Three examples of business metrics to calculate the unit cost:

● For the total cost of ownership of public-facing application for an airline booking system, the metric could be the price per ticket (seat) per mile traveled.

● For calculating the unit cost of a small feature in business application providing users with notification when an action is done (e.g., sending an email when user is created), the metric could be cost per email sent.

● For a company providing a SaaS platform to provide a certain service, the unit cost could be the total cloud cost of a subscription.

(3) Automate and show the unit cost.

Unit costs will only make sense if they are delivered as a live metric calculated at near real-time. Rely on automations to calculate the metric and display the results as a showback dashboard to help teams take accountability for their costs, and use gamification to motivate them to elevate the business value by lowering the production unit cost.

(4) React to the unit cost changes.

Now that we have a clear showback of the unit cost, we have to monitor it to see if remains the same, increases or decreases.

If the unit remains constant or decrease, this is a good sign. However, if it increases, then the business owner / service owner has to ask about the reasons. Was it due to an added business value, or was it a misuse of cloud resources? Either ways, it is good to consider the governance of resources accordingly to push the unit cost down.

This is best accomplished by:

  1. Define the three to five services attributing up to 80% of the unit costs (e.g., storage, compute, databases, etc.)
  2. Tweak the governance specifically on non-production environments to align to a business value (e.g., change the class, family, or specifications of resources to less-expensive versions if they don’t bring an added business value)
  3. Improve iteratively and include more services as the maturity of FinOps improves

A Practical Guide to Calculate Unit Costs

As an example, let us calculate the unit cost of the public-facing application that books tickets for seats in a cinema.

The FinOps Practitioner: Responsible
The Business Owner / Service Owner: Accountable
The Lead Engineer: Consulted

(1) Define the scope and granularity of the unit.

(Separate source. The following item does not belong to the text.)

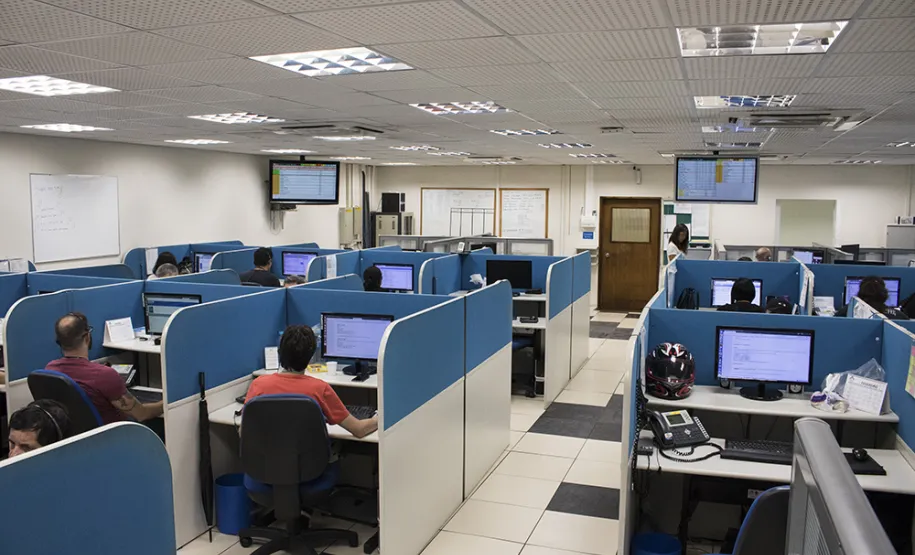 Celepar recebeu mais de 300 alunos em visitas técnicas realizadas no ano de 2016 Divisão de Central de Atendimento Celepar (DICAC)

In this case, it could be the total cost of the application, including the dev/staging environments for development.

(2) Define the business metric of measurement. 

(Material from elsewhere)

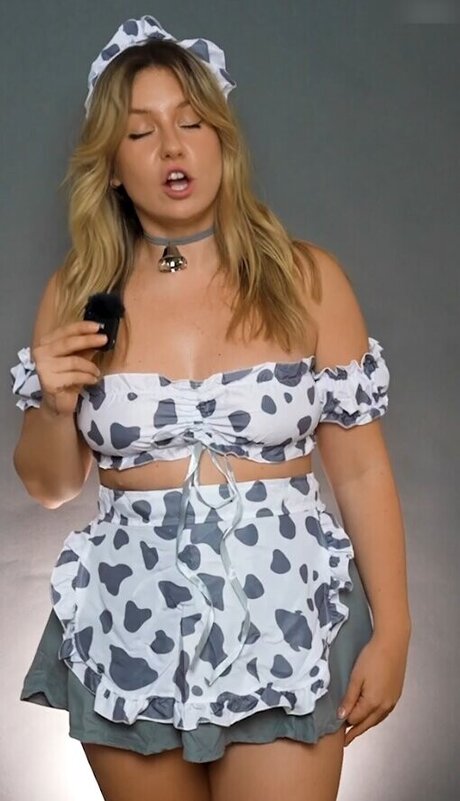 KellyMissesvlog erotic actress image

In this case, it could be the total number of tickets sold per month.

The FinOps Practitioner, Cloud Infrastructure Team, DevOps Team: Responsible
The Business Owner / Service Owner: Accountable
The Lead Engineer: Consulted
Finance and Leadership: Informed

(3) Automate and showback the unit cost. 

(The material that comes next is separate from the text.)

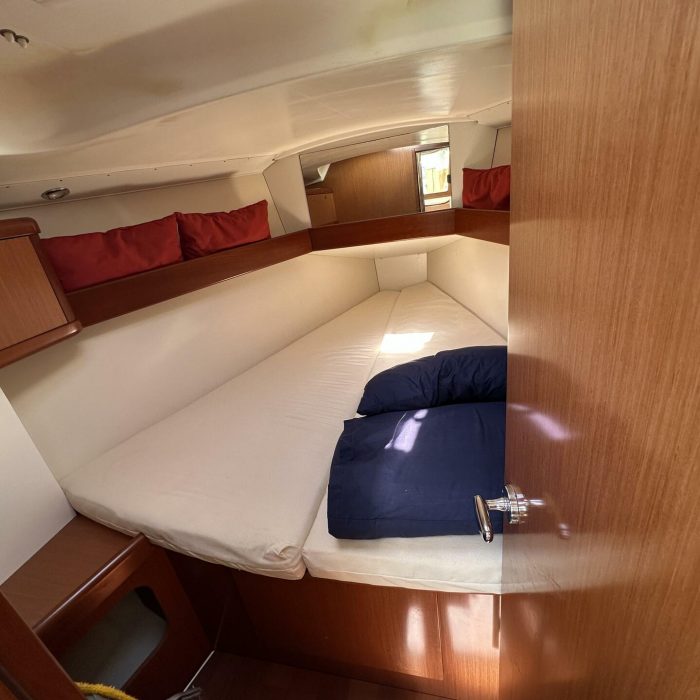 Blu | Oceanis 34 photo 19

Assuming we are using AWS services, to calculate the unit cost in near real-time, we could create a simple serverless application using simple cloud functions (e.g., lambdas) to retrieve:

  • A function that reads the total cost of the application using aws ce get-cost-and-usage CLI Command, or similar AWS API calls.
  • A function to retrieve the total number of tickets sold from a given customers database.
  • An orchestration service (e.g., step functions) that will read both values from the functions above and divide them: i.e., total cost per month / number of tickets. This step function will run at regular intervals (e.g., 15 minutes) using a cron job to keep track of the latest updates.
  • Visualization of the value in a dashboard (e.g., Power BI Dashboard), and give access of this dashboard to the relevant personas (e.g., the DevOps team)

(4) React to the unit cost changes.

Now the service owner and the engineering team(s) should monitor the changes on daily and watch out for spikes/ anomalies or permanent increase in the unit cost.

If that is the case, the desired outcome is to use the FinOps Capability (Policy & Governance) to improve the alignment of resources to the business value it provides.